The colorspace package creates some order

Scale name: scale_<aesthetic>_<datatype>_<colorscale>()

  • <aesthetic>: name of the aesthetic (fill, color, colour)
  • <datatype>: type of variable plotted (discrete, continuous, binned)
  • <colorscale>: type of the color scale (qualitative, sequential, diverging, divergingx)

Scale function Aesthetic Data type Palette type
scale_color_discrete_qualitative() color discrete qualitative
scale_fill_continuous_sequential() fill continuous sequential
scale_colour_continous_divergingx() colour continuous diverging

Examples

ggplot(temps_months, aes(x = month, y = location, fill = mean)) + 
  geom_tile(width = 0.95, height = 0.95) + 
  coord_fixed(expand = FALSE) +
  theme_classic() +
  scale_fill_continuous_sequential(palette = "YlGnBu", rev = FALSE)

Examples

ggplot(temps_months, aes(x = month, y = location, fill = mean)) + 
  geom_tile(width = 0.95, height = 0.95) + 
  coord_fixed(expand = FALSE) +
  theme_classic() +
  scale_fill_continuous_sequential(palette = "Viridis", rev = FALSE)

Examples

ggplot(temps_months, aes(x = month, y = location, fill = mean)) + 
  geom_tile(width = 0.95, height = 0.95) + 
  coord_fixed(expand = FALSE) +
  theme_classic() +
  scale_fill_continuous_sequential(palette = "Inferno", begin = 0.15, rev = FALSE)

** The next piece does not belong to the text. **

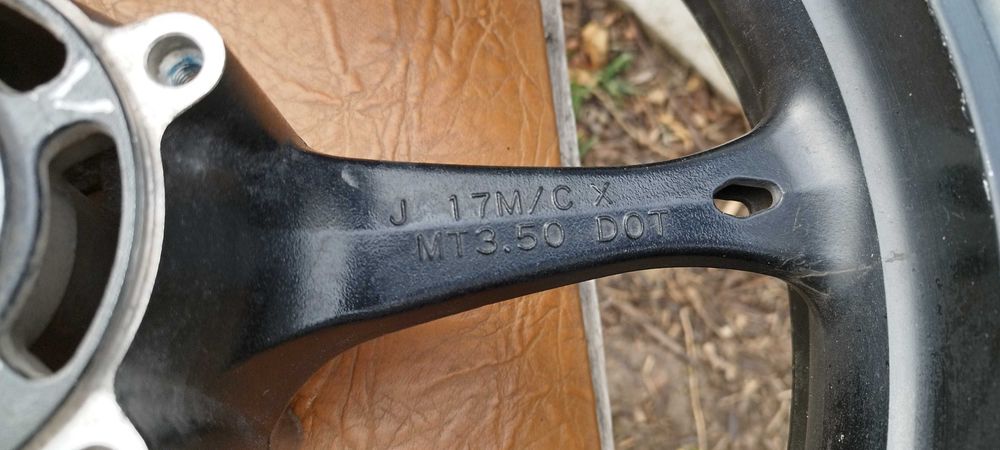 Колесо переднє Suzuki GSX-R 600/750 K6 K7 чи 1000 K5 K6 диск передний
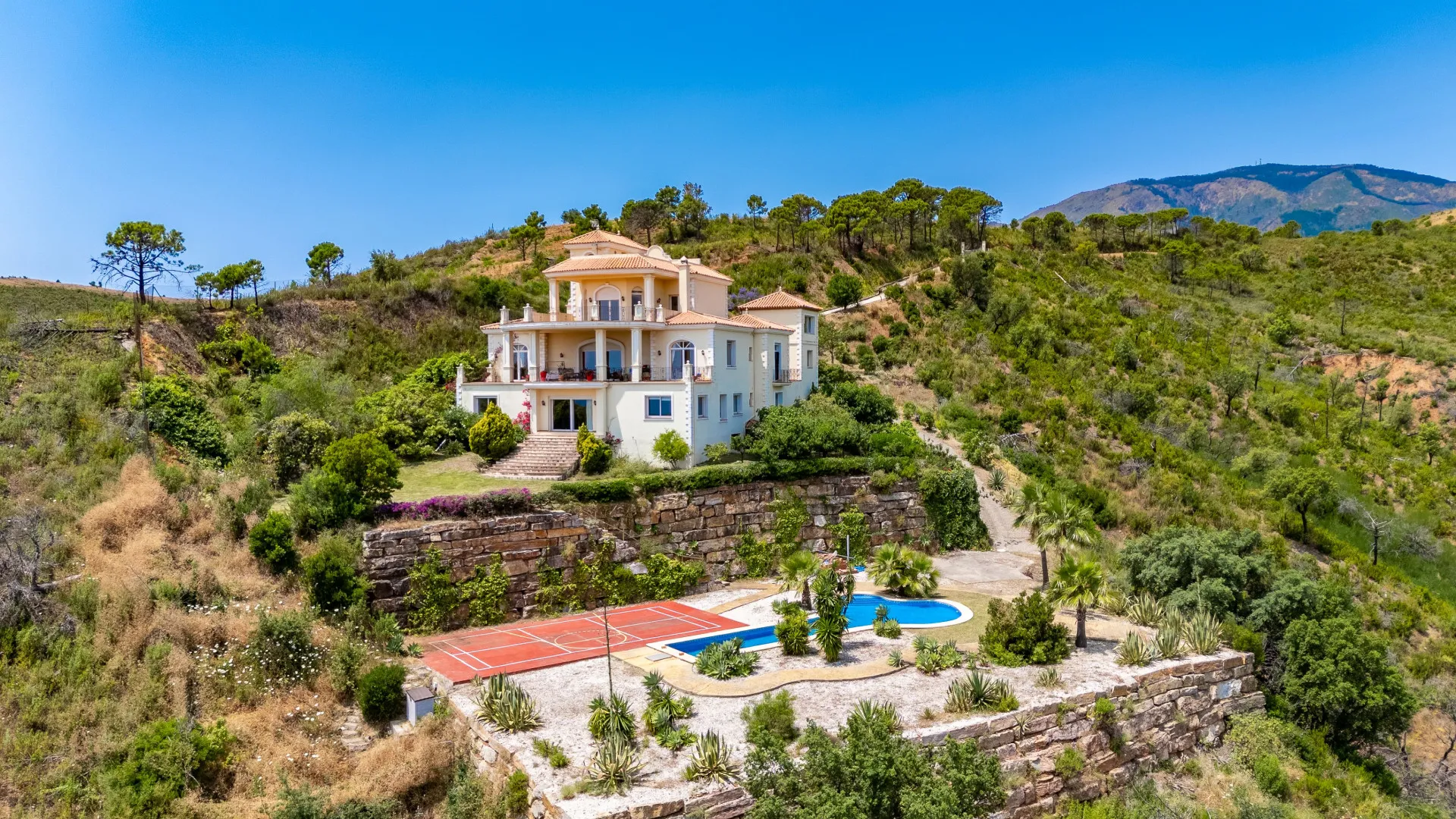 Villa a la venta en Altos de Estepona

colorspace::hcl_palettes(type = "sequential", plot = TRUE) # all sequential palettes

colorspace::hcl_palettes(type = "diverging", plot = TRUE, n = 9) # all diverging palettes

colorspace::divergingx_palettes(plot = TRUE, n = 9) # all divergingx palettes

Setting colors manually for discrete, qualitative scales

Discrete, qualitative scales are best set manually

ggplot(popgrowth, aes(x = pop2000, y = popgrowth, color = region)) +
  geom_point() +
  scale_x_log10()
  # no color scale defined, default is scale_color_hue()

Discrete, qualitative scales are best set manually

ggplot(popgrowth, aes(x = pop2000, y = popgrowth, color = region)) +
  geom_point() +
  scale_x_log10() +
  scale_color_hue()

Discrete, qualitative scales are best set manually

library(ggthemes)  # for scale_color_colorblind()

ggplot(popgrowth, aes(x = pop2000, y = popgrowth, color = region)) +
  geom_point() +
  scale_x_log10() +
  scale_color_colorblind()  # uses Okabe-Ito colors

Discrete, qualitative scales are best set manually

ggplot(popgrowth, aes(x = pop2000, y = popgrowth, color = region)) +
  geom_point() +
  scale_x_log10() +
  scale_color_manual(
    values = c(West = "#E69F00", South = "#56B4E9",
               Midwest = "#009E73", Northeast = "#F0E442")
  )

Okabe-Ito RGB codes

Name Hex code    R, G, B (0-255)
orange #E69F00 230, 159, 0
sky blue #56B4E9 86, 180, 233
bluish green #009E73 0, 158, 115
yellow #F0E442 240, 228, 66
blue #0072B2 0, 114, 178
vermilion #D55E00 213, 94, 0
reddish purple #CC79A7 204, 121, 167
black #000000 0, 0, 0

Designing for color-vision deficiency

People with impaired color vision are not literally unable to see any colors

Instead, they will typically have difficulty to distinguish certain types of colors, for example red and green (red–green CVD) or blue and green (blue–yellow CVD)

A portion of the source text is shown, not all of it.